Un viaje interior

El voluntariado

El Voluntariado

Me declaro una mujer de mente y culo inquieto. También me gusta la tranquilidad y estar tumbada en el sofá de mi casa leyendo o viendo algo a través del ordenador. Toda esa inquietud a veces ha sido una molestia cuando la vida pedía paciencia a qué llegará lo que deseaba o quería. Así que voy aprendiendo a vivir el momento confiando en que todo llega en su momento. Porque si tiene que ser, llega. A veces no en el momento que uno quiere o habrán cosas que no se materializarán nunca. Pero las que tienen que ser, son. Y así me pasó a mi con mi sueño de hacer un voluntariado, no fué en Africa como en un principio había querido, fué en Guatemala.

Al llegar de Tanzania, empecé una nueva relación con alguien con quien realmente aprendí mucho. Mis sensaciones y sentimientos en la relación me hacían entrar en muchas "tormentas emocionales" y aunque meditaba e intentaba hacer todo lo posible para evitarlas y estar tranquila, continuaba no comprendiendo qué me pasaba.

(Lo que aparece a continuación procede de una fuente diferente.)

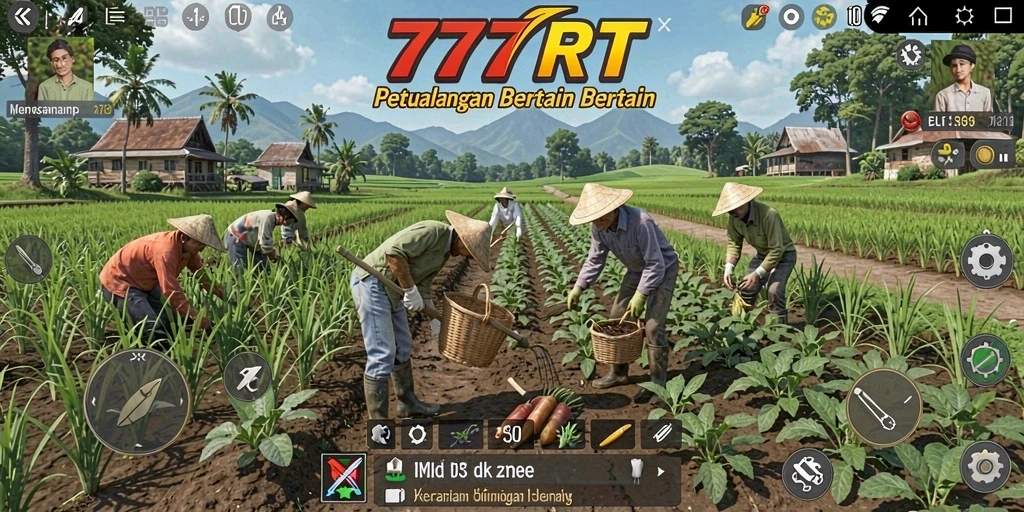 Tampilan gameplay 777RT yang menggugah selera bertani.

Así que inicié un proceso de psicoterapia y de allí una formación en Terapia Gestalt. Cuando llegué a este lugar, recordaré toda mi vida la sensación que tuve al subir por las escaleras del Instituto de Castellón de Terapia Gestalt. Mi sensación fué..."Por fin en casa". Todavía no sabía por qué había sentido esa sensación, pero ahora la comprendo y muy bien.

Durante el proceso de formación un chico de mi grupo comentó que había estado haciendo un voluntariado en Guatemala. Por su puesto esto me llamó la atención y le pregunté dónde y cómo podía hacer para ir allí.

Comencé con el proceso de lanzarme y hacer realidad mi sueño de ir a un voluntariado. Los sueños no se hacen realidad así como así. Las oportunidades llegan y hay que hacer porque estos sueños se hagan realidad. Los miedos aparecen, las dudas aparecen y si estás atento a eso y los vas atravesando o transitando, el sueño se hace realidad. Pero sin un trabajo interior, quizá sea más difícil.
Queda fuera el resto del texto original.